■ Task directions
Find the line containing "Mascarilla Facial K-Beauty", then print it and each line after it through the end of the listing exactly, with no pictures.
======
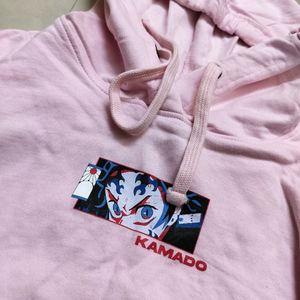 Demon slayer Anime Printed Pink Hoodie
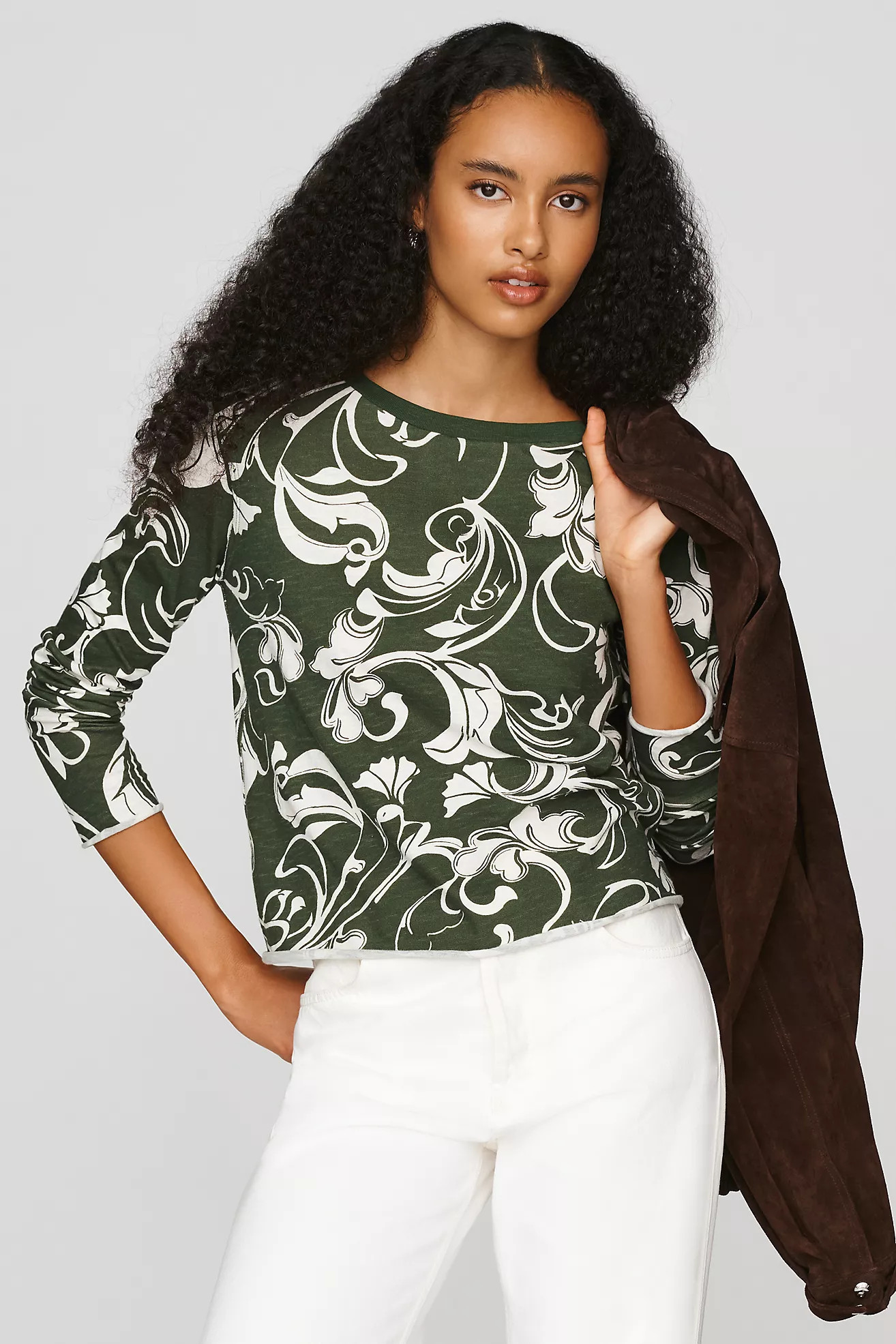 Maeve Caitlin 100% Cotton Boxy Long Sleeve Tee | Anthropologie (US)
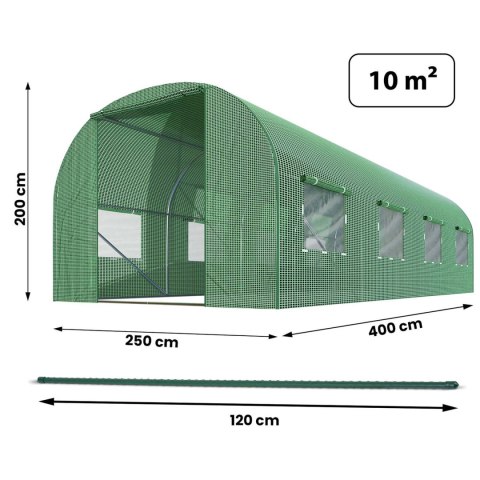 Tunel ogrodowy z zieloną folią UV i zestawem akcesoriów – Plonos 10 m²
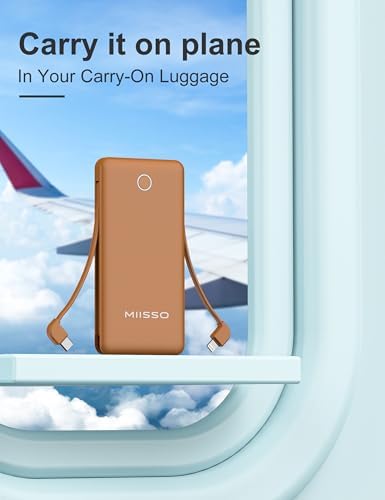 miisso 10000 m Ah Ultra-Slim Portable Power Bank with Integrated Charging Cables – Multi-Device USB-C Travel Charger for i Phone & Samsung – Compact, Lightweight Battery Pack Designed for Maximum Portability and Efficiency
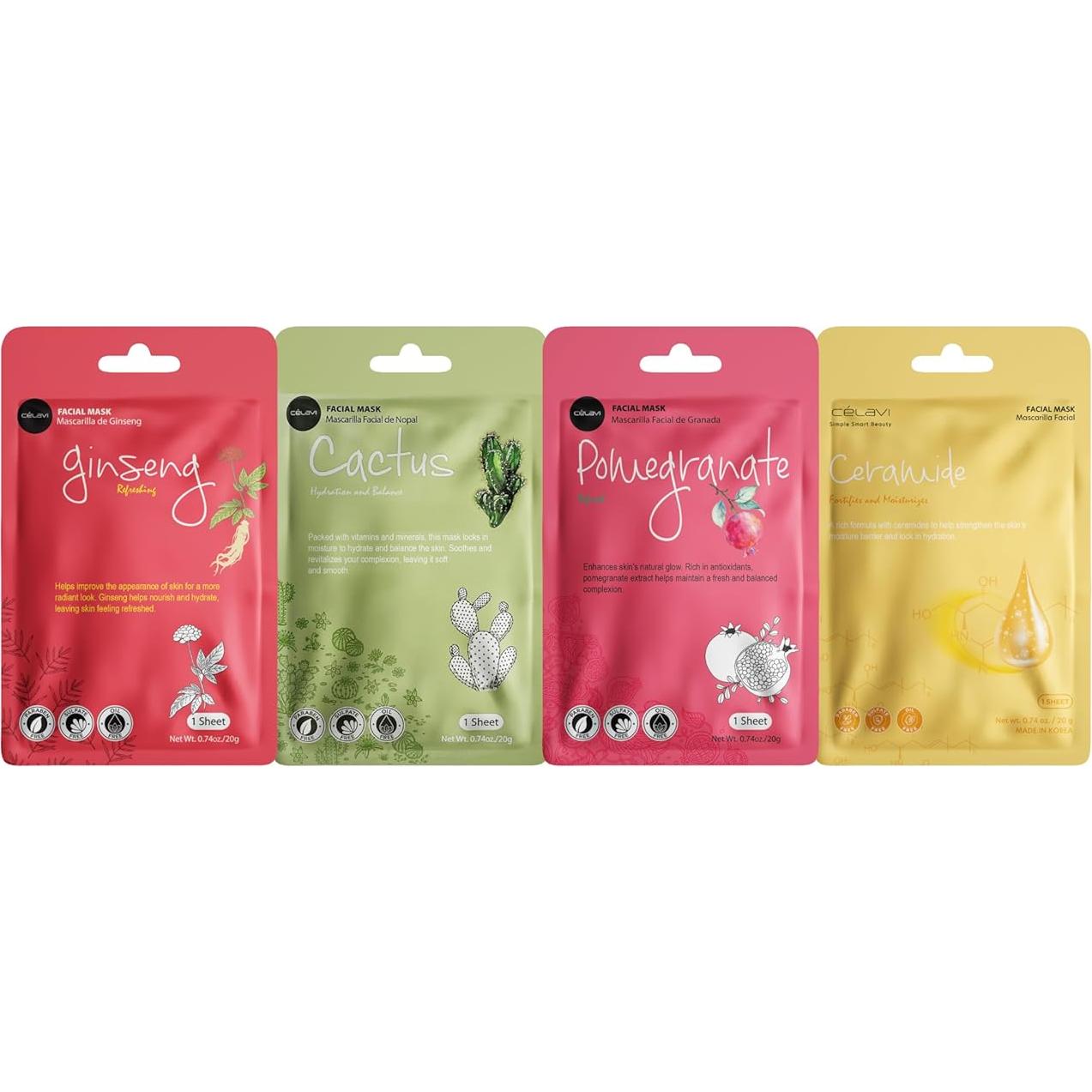 Mascarilla Facial K-Beauty Celavi Set 12 Esencias Hidratantes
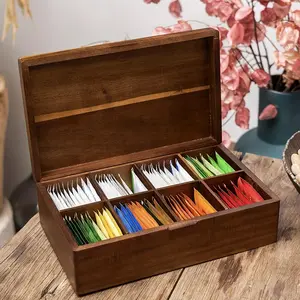 Brown Wooden Tea Bag Organizer with 8 Compartments for Kitchen or Pantry Storage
======
■ Written response
 Mascarilla Facial K-Beauty Celavi Set 12 Esencias Hidratantes
 Brown Wooden Tea Bag Organizer with 8 Compartments for Kitchen or Pantry Storage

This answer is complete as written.